[MLton] liveness space problem

Stephen Weeks MLton@mlton.org
Mon, 7 Jun 2004 15:49:25 -0700


> That is, why should I believe that any "solution" to the problem that asks
> for the set of live variables at a program point doesn't exhibit the same
> space blowup?

Because the problem is not computing the set of live variables at a
particular program point, the problem is computing (and representing)
the set of live variables at *every* program point.  The solution I
proposed only has to compute the set of live variables at the cut
nodes, and there are only a few of those.  Computing the set of live
variables at a set of nodes takes time proportional to the size of the
program plus the size of the output.  Since the output will only be
the lives at the cut nodes, this should be fine.

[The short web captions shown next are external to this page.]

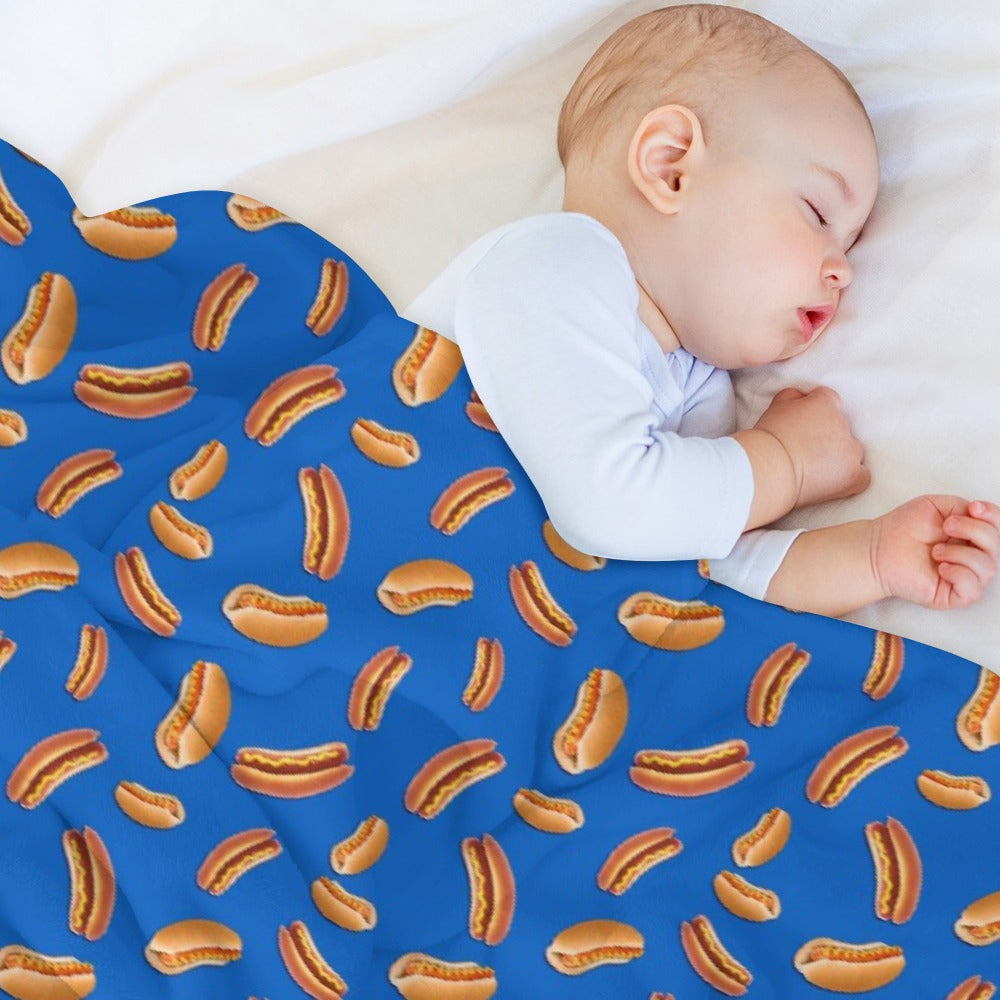 Hot Dog Throw Blanket
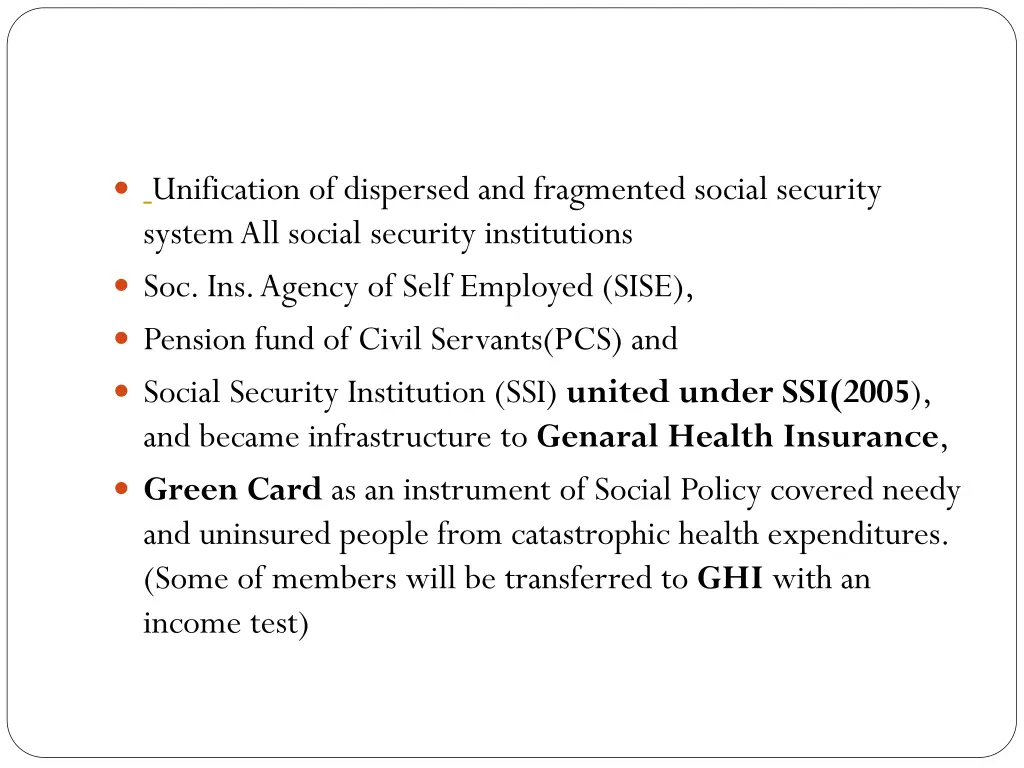 unification of dispersed and fragmented social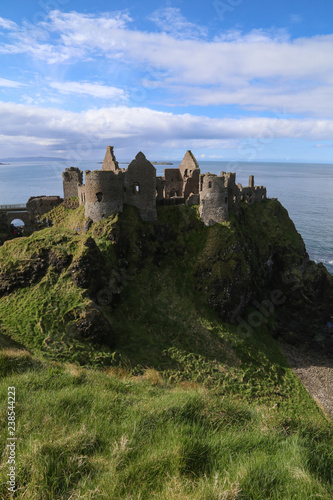Dunluce castle en irlande du nord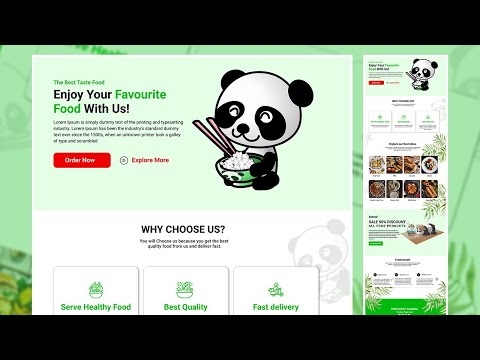 UI Design in FIGMA | Food Website UI Design in FIGMA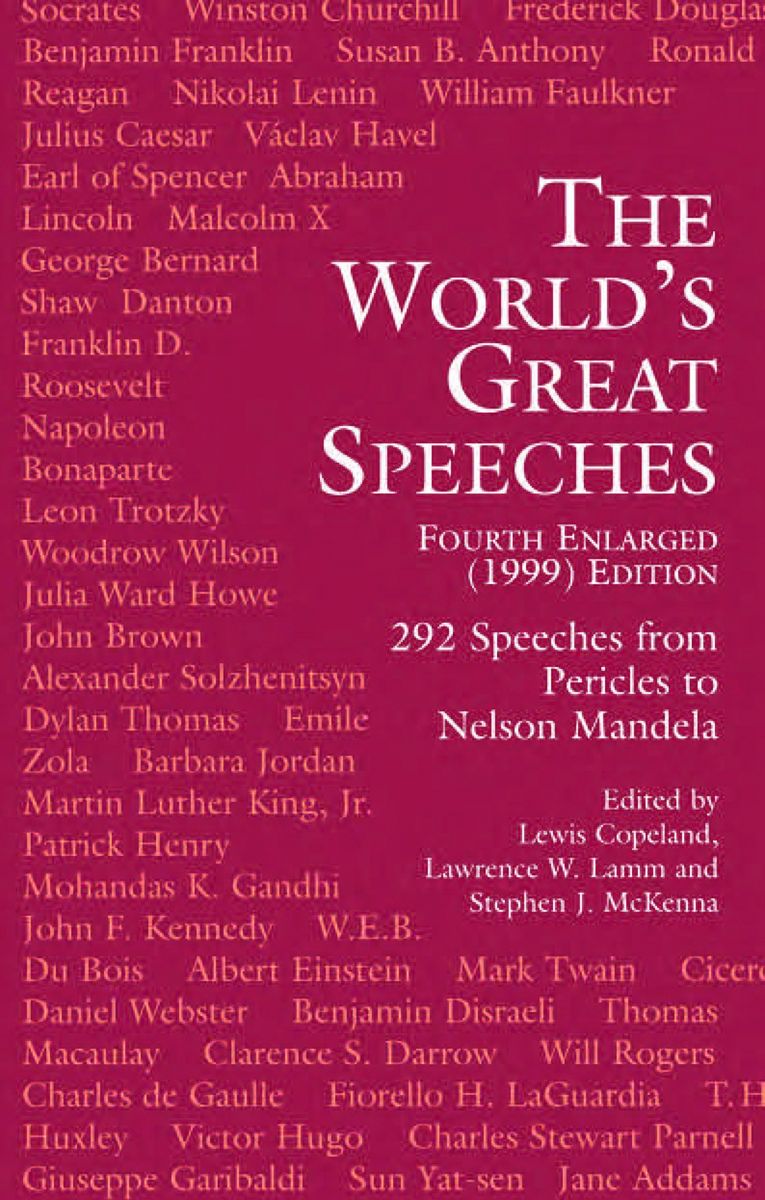 The World&#039;s Great Speeches: Fourth Enlarged (1999) Edition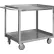 Durham Mfg.® Stock Cart w/ 2 Shelves, Stainless Steel, 1200 lb. Cap., 54"L x 24-1/8"W x 35"H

> From where the problem arises, my guess is that the real problem is in the
> interference graph used for pseudo-register allocation and computing frame
> sizes.

I don't see this.  Pseudo-register allocation does its work one basic
block at a time.  There is no whole-procedure interference graph.

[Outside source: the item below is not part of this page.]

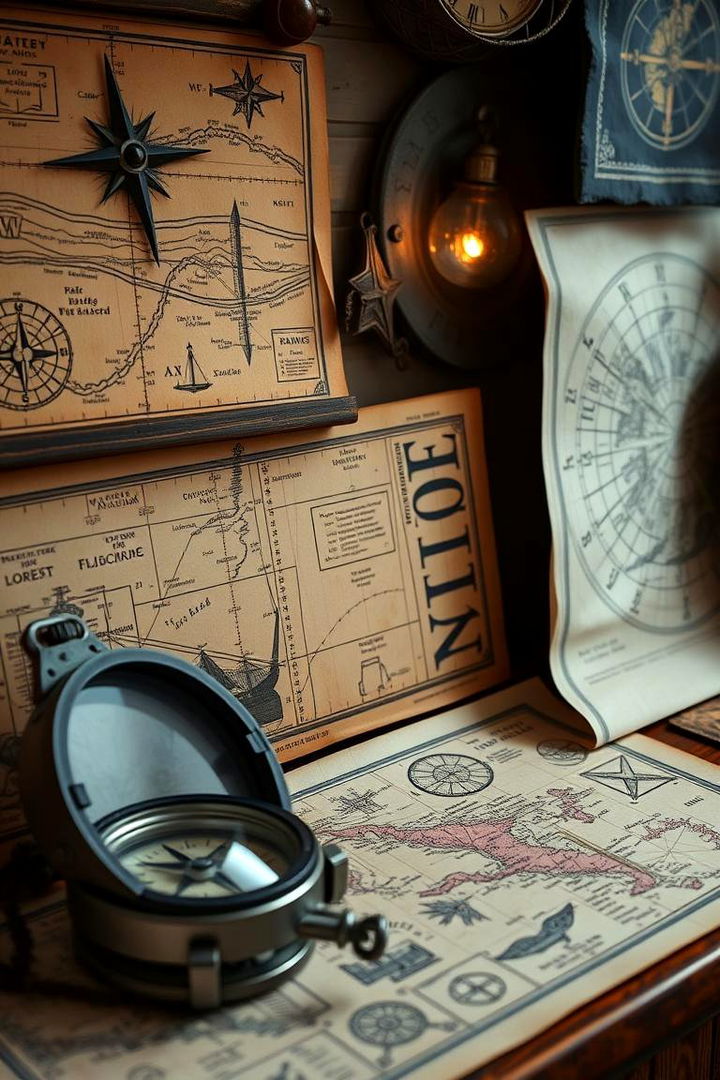 Nautical Navigation Theme - 22 Pirate-themed Bedroom Ideas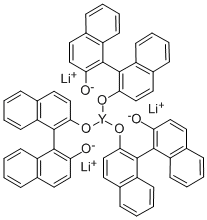 结构式 CAS# 500995-67-5, 三(S-(-)-1,1'-联萘基-2,2'-二醇)镱酸(III)锂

> Again, it depends upon what the actual problem is.  Note that if you do
> this transformation in SSA, you actually have _more_ variables than you
> started with, because every select induces a variable.  

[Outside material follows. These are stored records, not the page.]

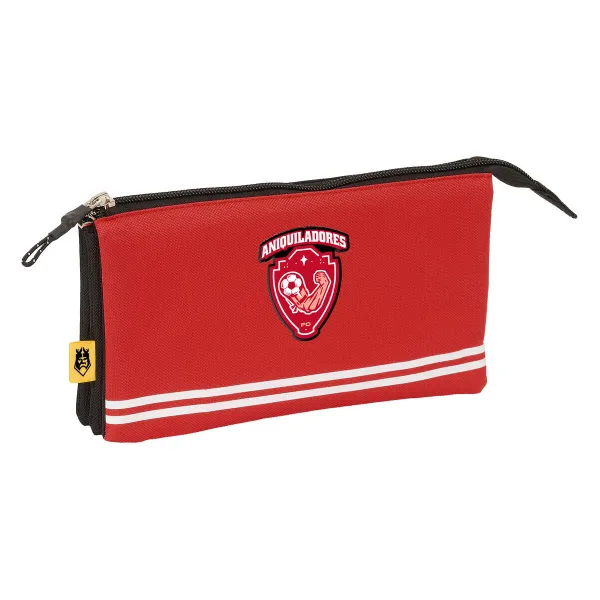 Trīsvietīgs futrālis Kings League Aniquiladores Sarkans 22 x 12 x 3 cm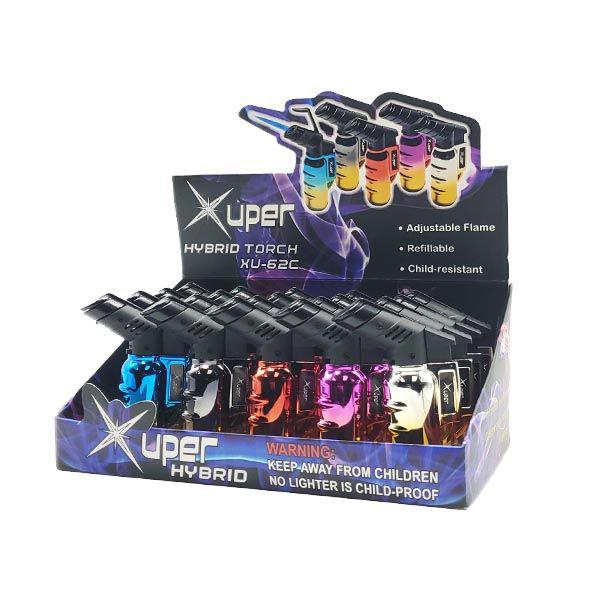 XUPER HYBRID TORCH LIGHTER 98-1162C BOX OF 20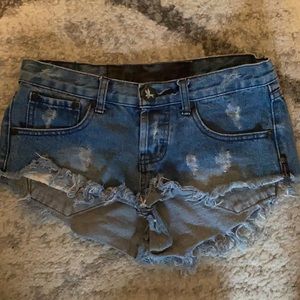 ONE TEASPOON JEAN SHORTS SIZE 25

True, but those select variables are never live across a basic block,
so they don't cost any extra space during the liveness pass.

> > So, we need an algorithm to take the dominator tree and choose roughly
> > equally-sized partitions, keeping them below some threshold (roughly,
> > say, 5000 nodes).
> 
> We'd also like some additional heuristics, I would think.  For example, we
> probably don't want to choose a cut node in a "small" loop.  No sense in
> allocating a 100 tuple each time around a List.tabulate.

Yeah.  We could use loop forests to address this.  We do use them
elsewhere, but I'm still a little nervous about their (potentially)
quadratic time.

Also, if we don't contify into main, which is now the default, then
maybe this isn't a problem.  It seems like loops can only come from
threads (?).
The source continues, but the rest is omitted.